The European Union’s largest eastern economy plans to plow as much as 35 billion zloty ($9.4 billion) by 2027 into building a 45-million passenger airport, making it the largest transportation hub in central and eastern Europe. Adding planned train and highway links to the first stage could double the final initial cost. The project is set to be “the biggest undertaking in Poland’s modern history,” even before planned later extensions that would put it at a par with the U.K.’s Heathrow Airport, the largest in Europe.
“The plan is to create a hub for the region’s passengers, who now have to travel through Germany, France or the U.K. when they go on longer flights,” Deputy Infrastructure Minister Mikolaj Wild, the official in charge of the project, said in an interview in Warsaw on Friday. “One of the biggest advantages of the airport, and Poland as a country, is to be located on the eastern flank of the EU. We’re the gateway from the EU to the east and the other way round.”
The planned airport, to be situated 45 kilometers from the capital, has drawn criticism from the opposition parties as well as from Michael O’Leary, who runs Ryanair Holdings Plc – Europe’s biggest low-cost carrier. O’Leary has said Poland doesn’t need a “shiny cathedral in the middle of nowhere” to service the growing number of airline customers.
Wild counters O’Leary’s argument by saying the project will be profitable with just two runways, one terminal and the necessary links. As the air and rail hub alone will cost as much as $5 billion in the first stage, the government may need to look for minority investors.
“The Asian expertise in greenfield airports can’t be underestimated” and that’s why “it’s natural to look for partners out there,” according to Wild. Countries like South Korea and Singapore are “very good at building and managing airports – it’s like a national sport for them,” he said. There are also “many” potential partners for the political, and not only business, cooperation because the hub may be considered as a geopolitical project due to its sheer scale, the deputy minister said.
While it’s too early to reveal the details, the government has seen “great interest” from financial institutions, including from infrastructure funds willing to buy a stake, according to Wild. Polish state development fund PFR is considering becoming a partner, he said. The government will tap budget resources, debt and EU funds to finance the plans.
Eventually, the goal is to expand the airport by two more runways and two terminals to service as many as 100 million passengers. The additional 40 billion zloty is needed to connect it by rail with more cities. In the final stage, 70 percent of all long-haul trains in Poland would pass through the airport.
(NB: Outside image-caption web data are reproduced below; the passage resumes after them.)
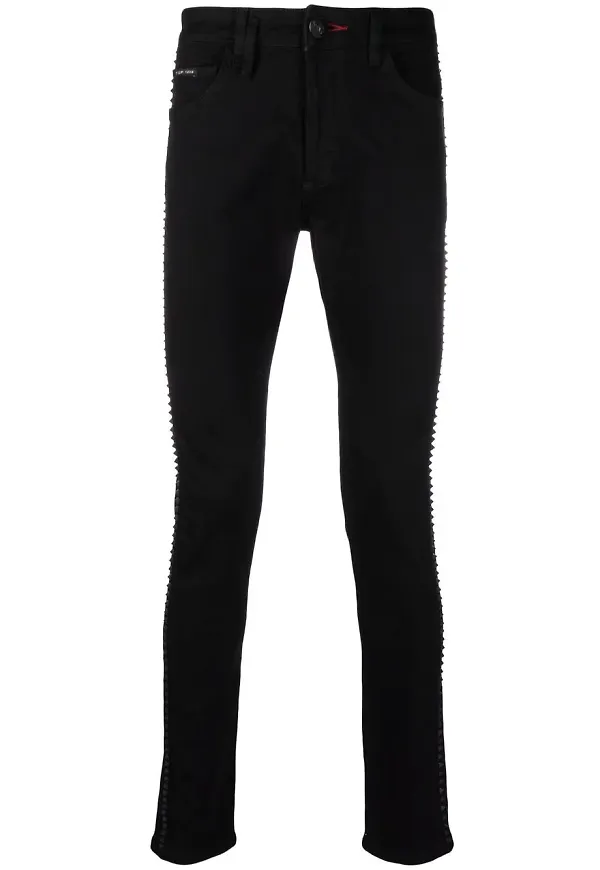 Philipp Plein skinny-jeans med nitar - Svart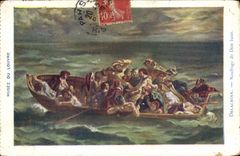 VINTAGE POSTCARD Museum Of Louvre Delacroix Shipwreck of Don Juan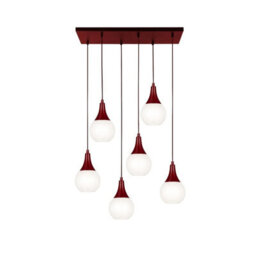 Luminosa Lighting Luminosa Lacrima Cluster Pendant Ceiling Light Burgundy White Glass Shade 6X E27 - thumbnail 1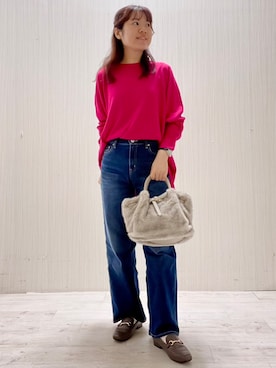 「UNTITLED（アンタイトル）の【大人の抜け感/8色展開】ボリュームスリーブニットプルオーバー（ニット/セーター、ピンク系）」を使った、world20102568さん（レディース）の秋コーディネート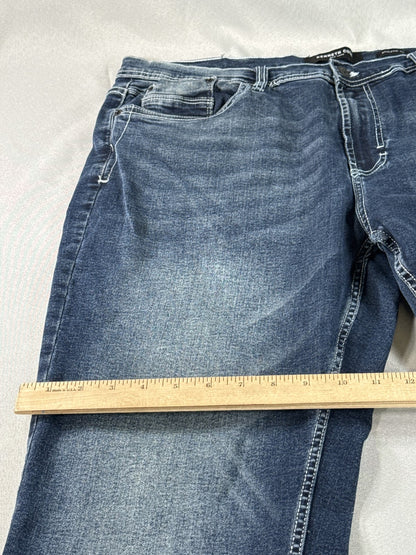 KENNETH COLE Jeans Mens 38X32 Blue Denim Relaxed Fit Distressed Wash Straight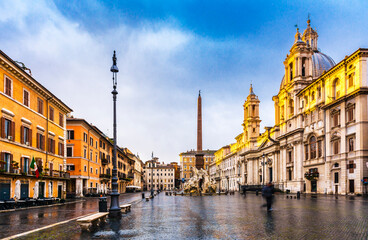 Fototapeta na wymiar Piazza Navona view in the morning. Piazza Navona is one of famous tourist attraction in Rome.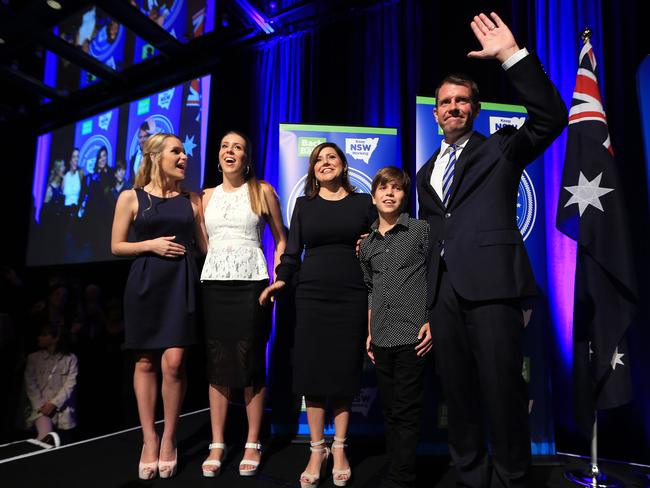 Mike Baird’s daughter Laura, left, has been the subject of abuse over the lockout laws.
Even as the hub won’t be able to compete for passengers with the largest European airports, such as Amsterdam’s Schiphol, it could become its direct rival for cargo such as perishables, of which the CEE region is a major supplier.
The railway component is “much sounder than in other comparable investments,” Wild said. “It will be like combining the Berlin Hauptbahnhof and let’s say an airport of the size of Gatwick.”